Lots of specialty electronics is done in the US.

For something like an iPhone, physical assembly is but one small step.

Arguable the best paid jobs for the iPhone are in the US: the R&D.
 
I'm sure you will get to see it firsthand because you will be one of the first to quit your current job and go to work in an iPhone factory.

That is exactly the problem. No one in the US would do that.
I actually worked in Austin assembling a high end Apple product few years ago. They cancelled the assembly line eventually because we were too slow compared to China. By the time we assembled a fully functional product, China made 8 of them with a no quality issues. In total the quality of USA assembled was 5 out of 10 had not passed QC.
 
Wrong.

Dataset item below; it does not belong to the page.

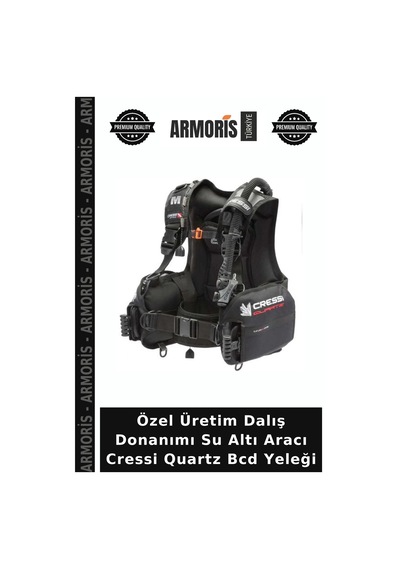Özel Üretim Dalış Donanımı Su Altı Aracı Cressi Quartz Bcd Yeleği Çok Renkli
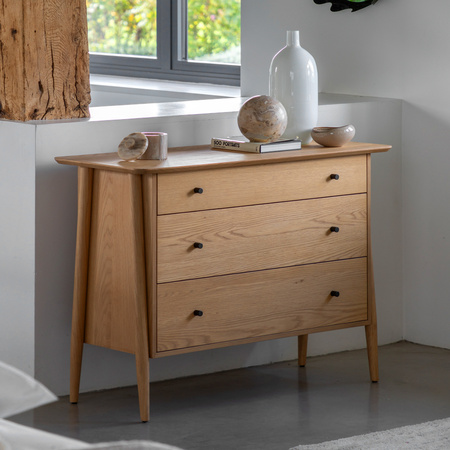 Hatfield 3 Drawer Chest Natural 1060x450x770mm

Illegally entering a country is a crime. Just being in a country, even via illegal entry, isn't a crime. Cannibalism isn't a crime. How you obtain the meat might or might not be a crime.
That ACLU brief is a bit disingenuous: while presence in the country if once authorized but no longer, such as overstaying a visa, is not a criminal offense, it is a civil offense and punishable by deportation upon apprehension. Tax fraud, discrimination, and unlawfully suppressing speech are also civil offenses.
 
It's not sustainable... they need to double the current iPhone production capacity in the US instead of India.
I can certainly see some benefits to having more production in the US. Some problems too. But I don't see why their current arrangements aren't sustainable especially if they have factories in multiple countries giving them some protection against natural or man-made disasters.